Die »Anstiftung Nächstenliebe« ist eine Stiftung, die von den Schulgründern ins Leben gerufen wurde und sich verpflichtet hat, mit allen verfügbaren Mitteln und Spenden die Neue Schule Hamburg zu unterstützen. Weitere Informationen senden wir Ihnen gerne zu.

 

Aufnahme neuer SchülerInnen

Die wichtigste Voraussetzung für die Aufnahme von neuen SchülerInnen ist die Entscheidung des Kindes für diese Schule und das Vertrauen der Eltern in dessen Lernkompetenz und in das Schulkonzept. Die Aufnahme neuer SchülerInnen ist ganzjährig möglich.

 

Eltern

Die Schule will zuallererst geschützter Raum für die Schüler sein. Mindestens einmal im Jahr findet ein Gespräch zwischen dem Schüler, seinen Eltern und zwei Lehrern statt Regelmäßig veranstaltet die Schule Abende für Eltern an denen über die Schule, das Konzept, aktuelle Entwicklungen und neue Ideen gesprochen wird. Während der Schulzeit sollen die Eltern das Gebäude der Schule nur in Ausnahmefällen aufsuchen, aktuelle Regeln dazu bitte im Schulbüro erfragen.

 

Lehrer

An der NEUEN SCHULE HAMBURG arbeiten Menschen verschiedener Professionen. Unserer Definition und unserem Verständnis nach sind alle Erwachsenen, die mit den Schülern arbeiten, Lehrer.
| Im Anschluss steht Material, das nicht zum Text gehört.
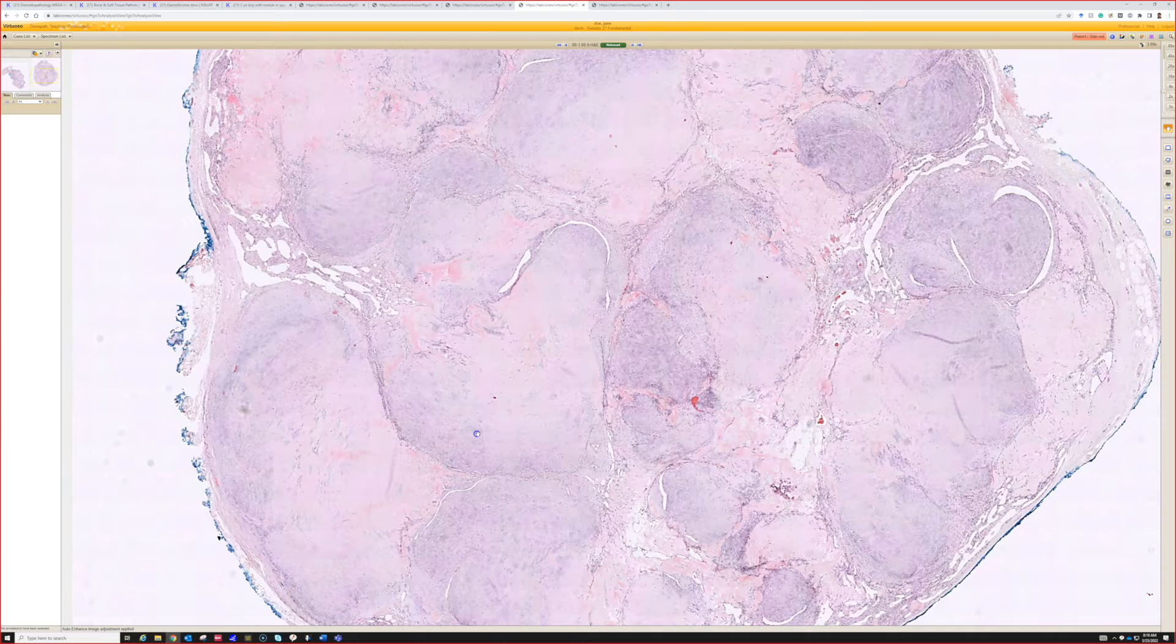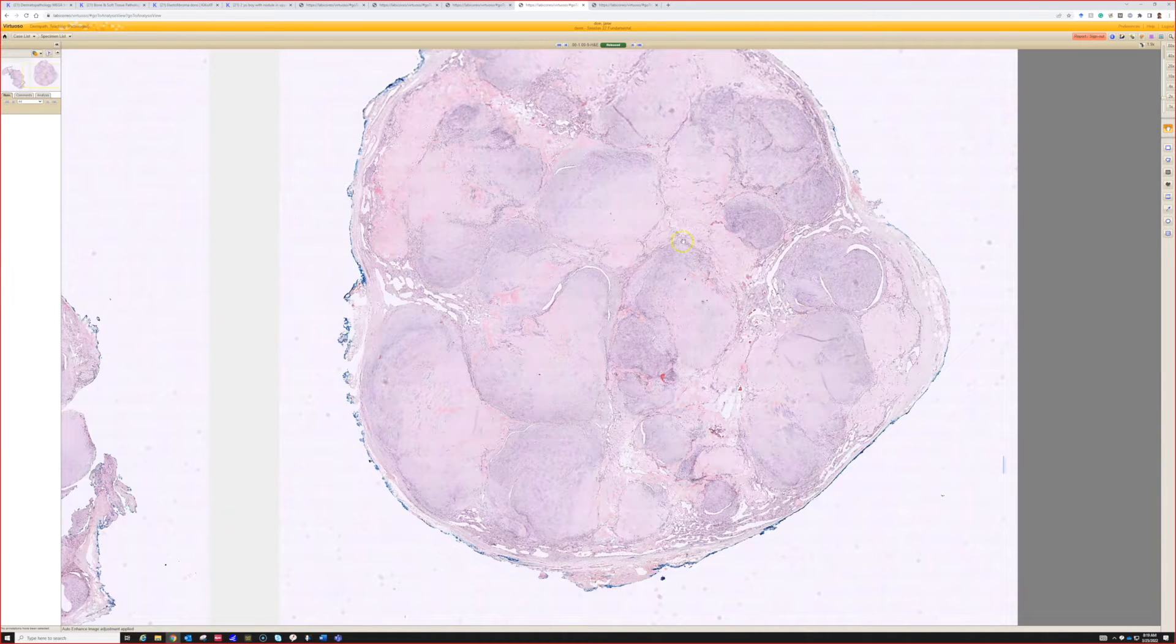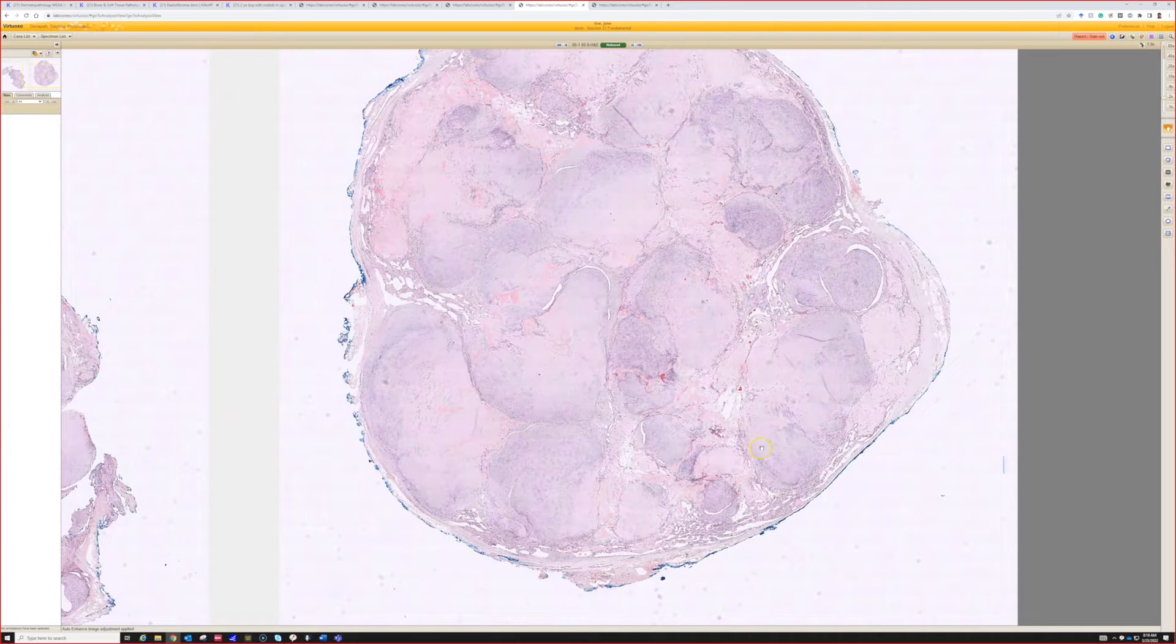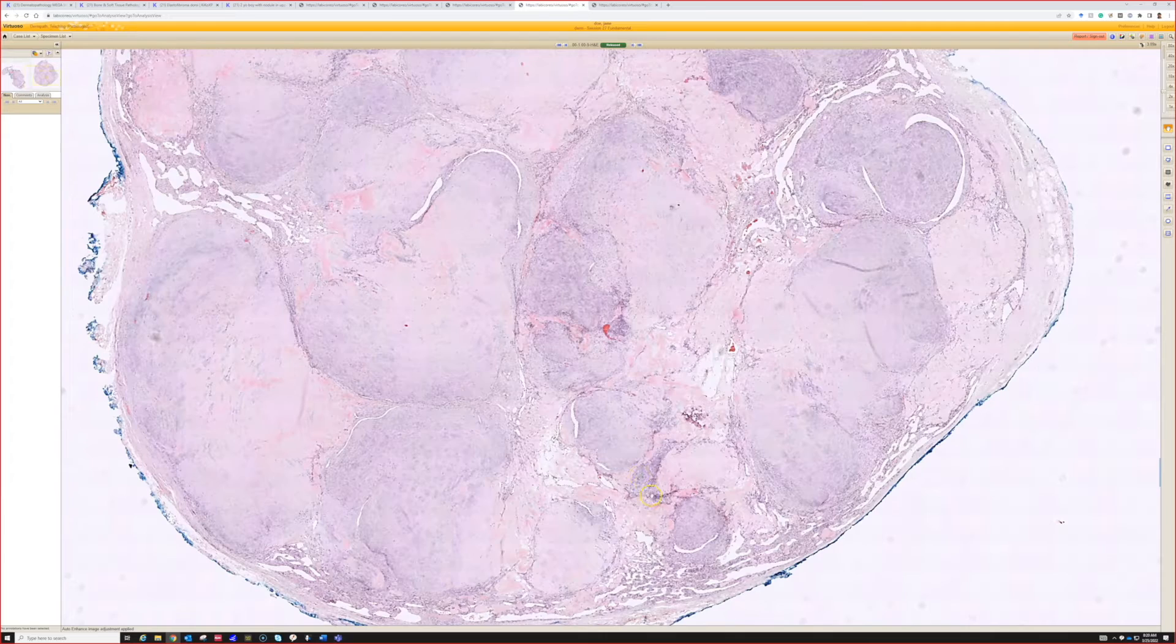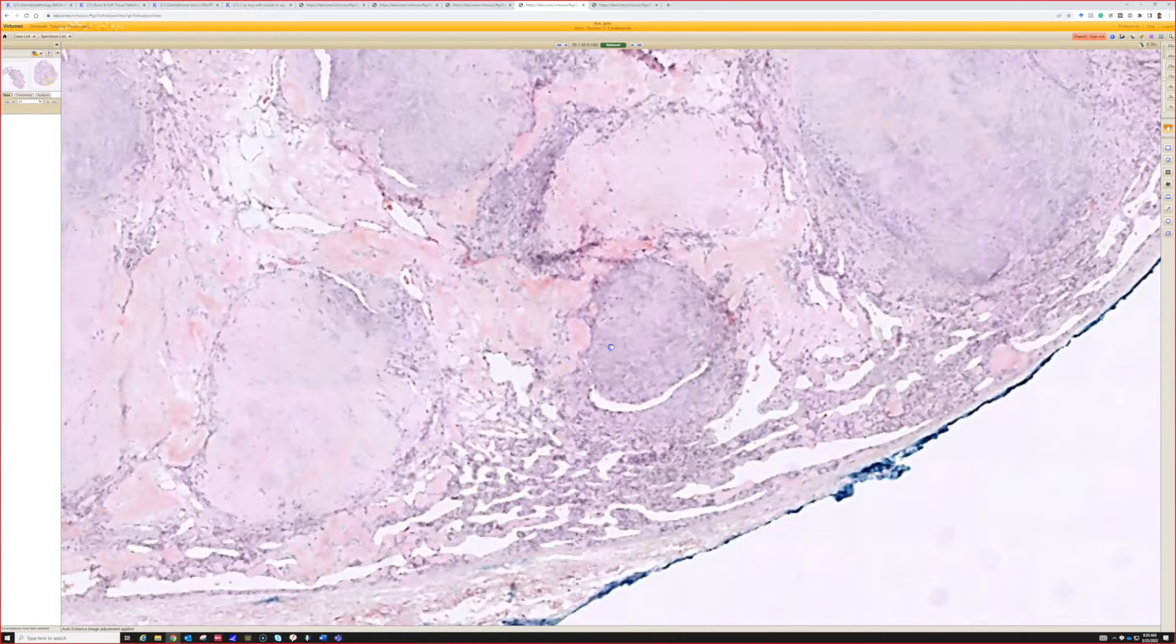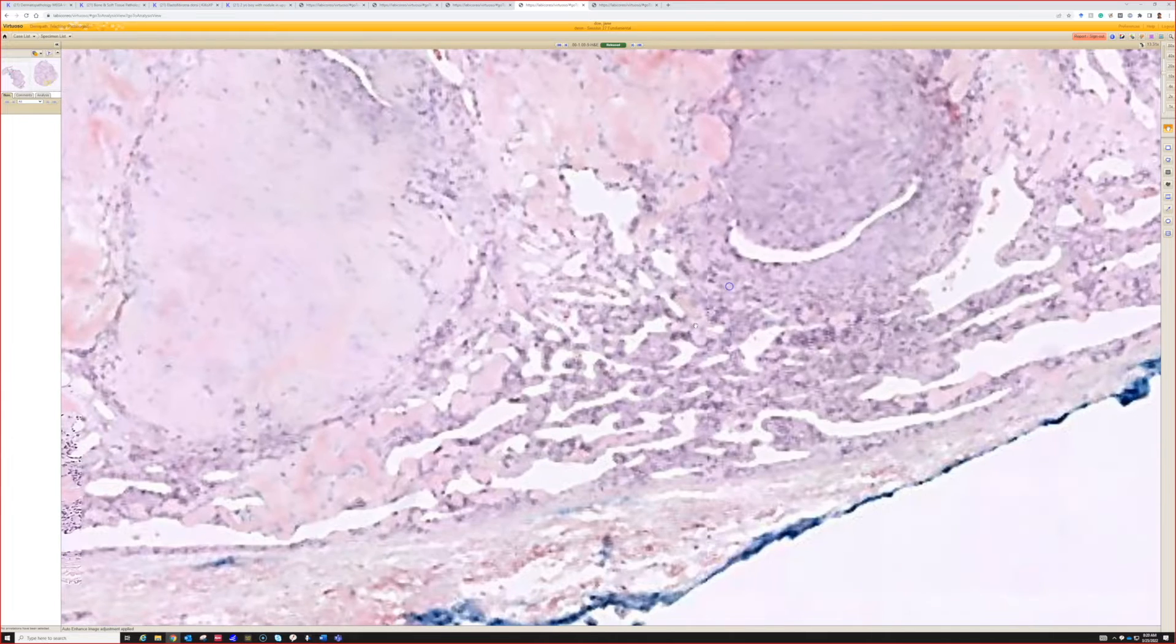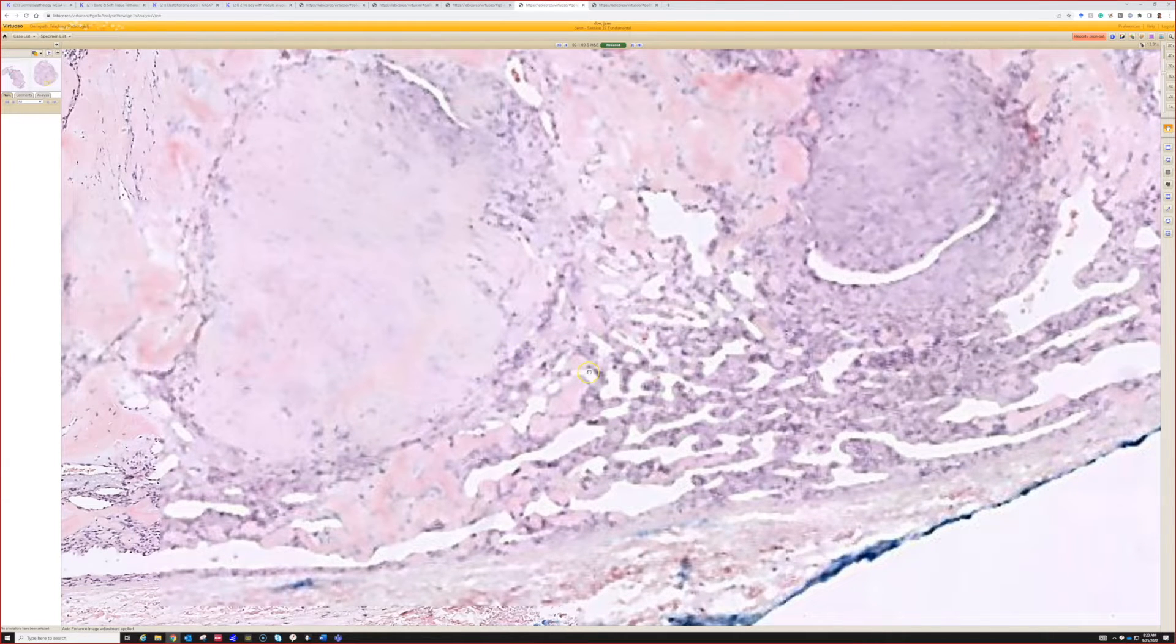Definitely multi-nodular - it's a big nodule with multiple smaller nodules packed together. And like you said, biphasic: we've got these nodules in one part, and then in between there's some other stuff which we can look at closer.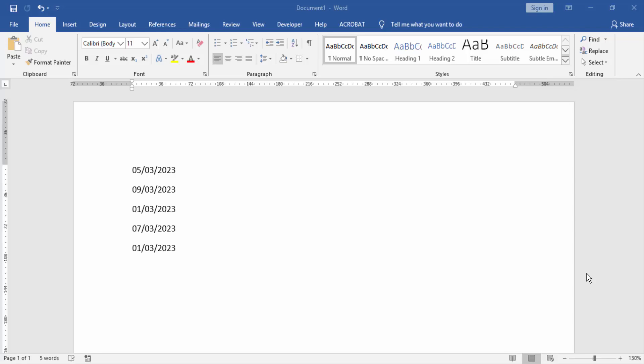At first we have to open our document and take some date list. Then we select all the date list, click and drag on your mouse.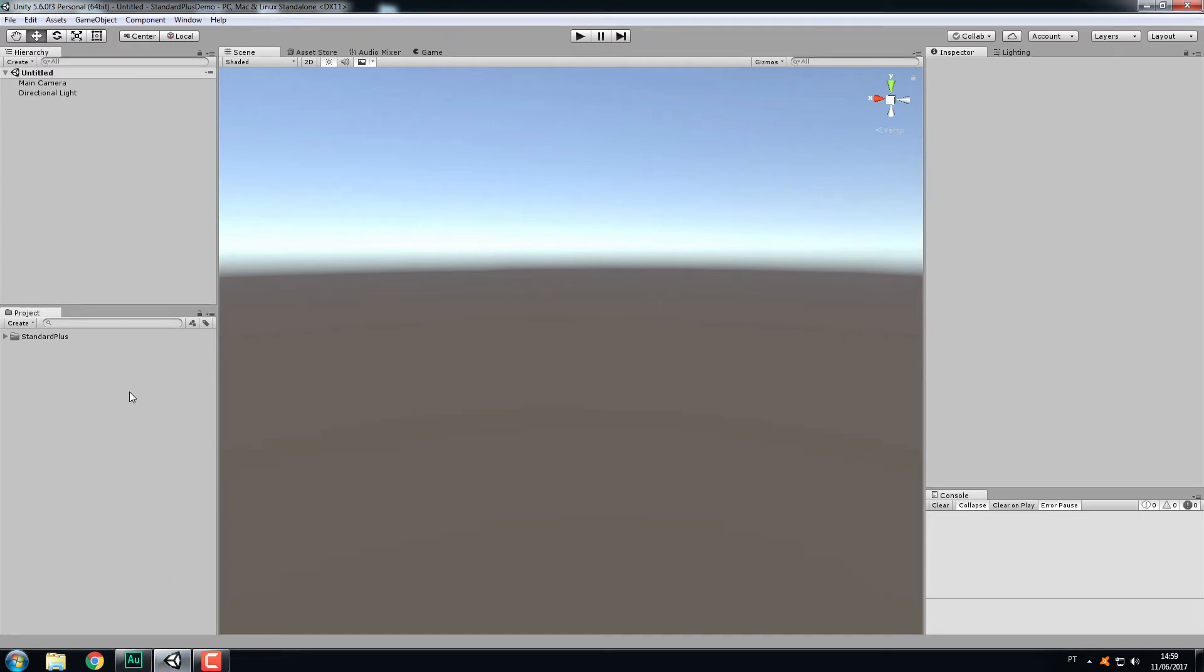Hi, my name is Paulo Cunha. I'm the developer of the Standard Plus shader for Unity, and in this video I'll show you how to use the Custom Lightmaps feature.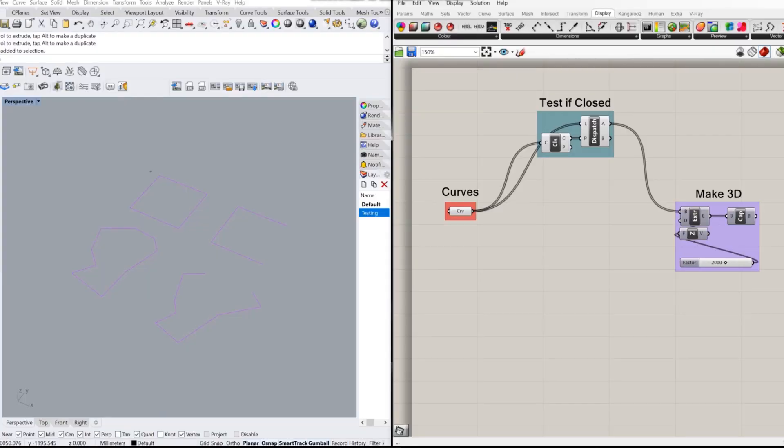Here is a quick example to explain a little bit of what I'm talking about. So I've made an algorithm here on the right that allows me to test if a curve is closed or not, and if it is, it'll make it into a 3D object.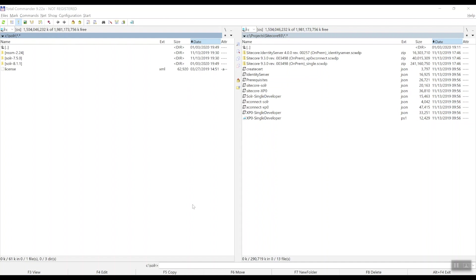Hi there, welcome to this fourth video in my series on Sitecore 9.3, the latest version of the Sitecore Experience platform. In my previous video, we installed Solr 8.1.1. Now it's finally time to get started with the Sitecore 9.3 installation.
Sie alle haben eins gemeinsam: Sie sind mit dem Herzen dabei! Das ist uns – neben der fachlichen Qualifikation - das Wichtigste bei deren Auswahl.

Die jährlich stattfindenen Lehrerwahlen und die damit verbundenen regelmäßigen Feedbackgespräche sorgen für den engen Austausch über die Erfahrungen und Wünsche der Schulgemeinschaft.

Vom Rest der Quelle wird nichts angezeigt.